Election Day: Polls must open by 11:00 a.m. EST and must remain open until at least 7:00 p.m. EST. Most polls open between 6:00 a.m. and 8:00 a.m. EST and close between 7:00 p.m. and 8:00 p.m. EST.
New Hampshire does not have early voting. If you will be unable to vote in person on Election Day, you can request an absentee ballot (see below).
Voters waiting in line to vote when the poll closing is announced, including voters who are in their cars waiting to get parking when the poll closes, must be allowed to vote.
How to Find Your Polling Place: Visit the New Hampshire Secretary of State’s polling place locator tool.
Any voter who tells the moderator under oath that he or she needs assistance marking his or her ballot will be told the accessible voting options. If the voter chooses, the voter may be assisted by one or both inspectors, or by a person of the voter’s choice (except for the voter’s employer, agent of the voter’s employer, or agent or official of the voter’s union).

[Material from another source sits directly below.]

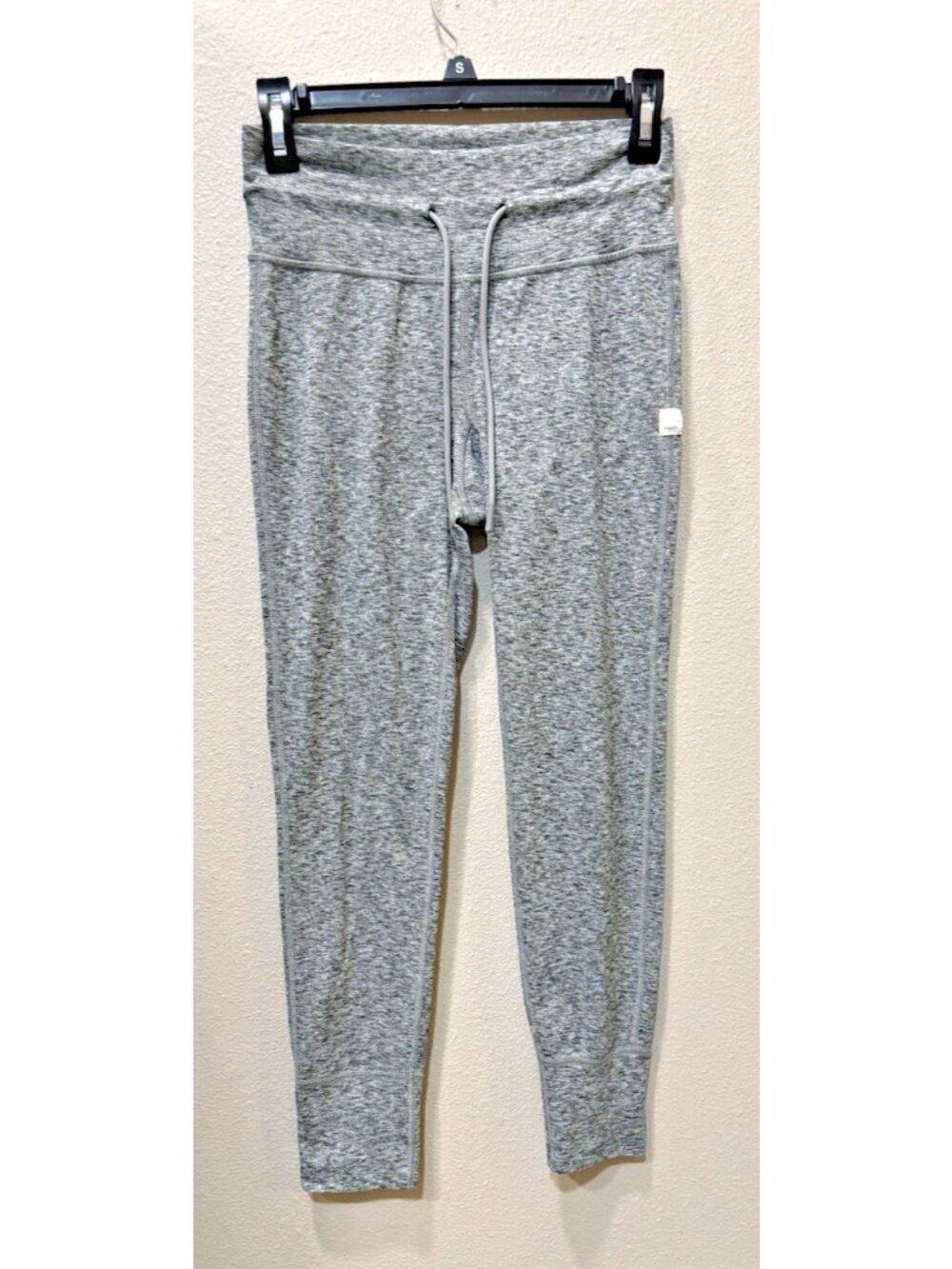 Vuori Daily 7/8 Leggings Sz XS Heather Gray High Rise Drawstring Cuffed Athletic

Polling places must be accessible to all individuals who are physically disabled. Contact your command center or the city chief elections officer if the polling place is not accessible.
No person not authorized by law may stand or sit within 6 feet of the ballot clerk for purposes of observing the check-in of voters without the express permission of the moderator. Voters should immediately notify the moderator or city chief elections officer of any violation of this rule
- In-Person Voter Registration Deadline: There is no deadline to register to vote. Unregistered voters may register and vote on Election Day. If you would like to register before the election, you may register in person at the meeting of the Supervisors of the Checklist. The last of these meetings is required by law to occur 6 to 13 days before each state election. Information about this meeting can be found on your town/city website or by calling the clerk’s office. You may register in person at this meeting.

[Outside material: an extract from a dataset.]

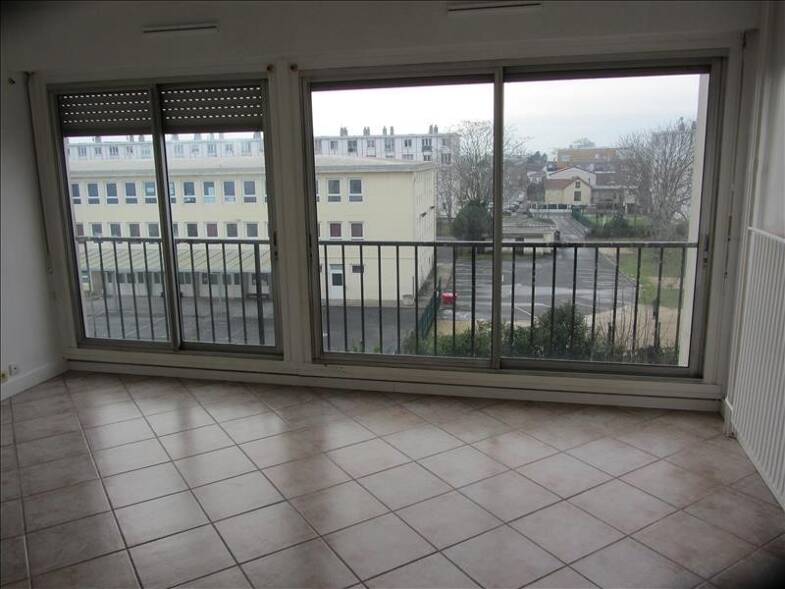 Appartement à louer 1 134 € 3 pièces 2 chambres 71 m² 3ème étage Paul Vaillant Couturier Clichy-sous-Bois 93390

- Absentee Voter Registration Deadline: You may qualify to register to vote by mail if you are unable to register in person because (1) you are concerned about exposure to infection from COVID-19 or exposing others; (2) you will be absent from the town or city on the dates/times when the Supervisors of the Checklist meet to receive voter registration applications (this includes an employment obligation that prevents you from attending a session of the Supervisors); (3) you cannot appear in public because of a religious commitment; (4) you are unable to vote in person by reason of a physical disability; (5) you are the victim of domestic violence; or (6) you have an active protective order, or are participating in the Attorney General’s address confidentiality program. You may request an absentee voter registration form from your town clerk, or here. Note that voters registering to vote by mail (i.e., absentee), must also complete the updated absentee registration affidavit which includes concern about COVID-19 as a “disability.” Note that this updated form is being used solely during 2020 elections. Applications must be received and reviewed by the Supervisors of the Checklist, which by law is required to occur 6 to 13 days before each state election. Therefore, the absentee voter registration form, absentee registration form (which must be signed by a witness) as well as proof of identify and domicile documents must be submitted to the voter’s city or town clerk in time for the Supervisors of the Checklist to review them at their meeting. Information about this meeting can be found on your town/city website or by calling the clerk’s office.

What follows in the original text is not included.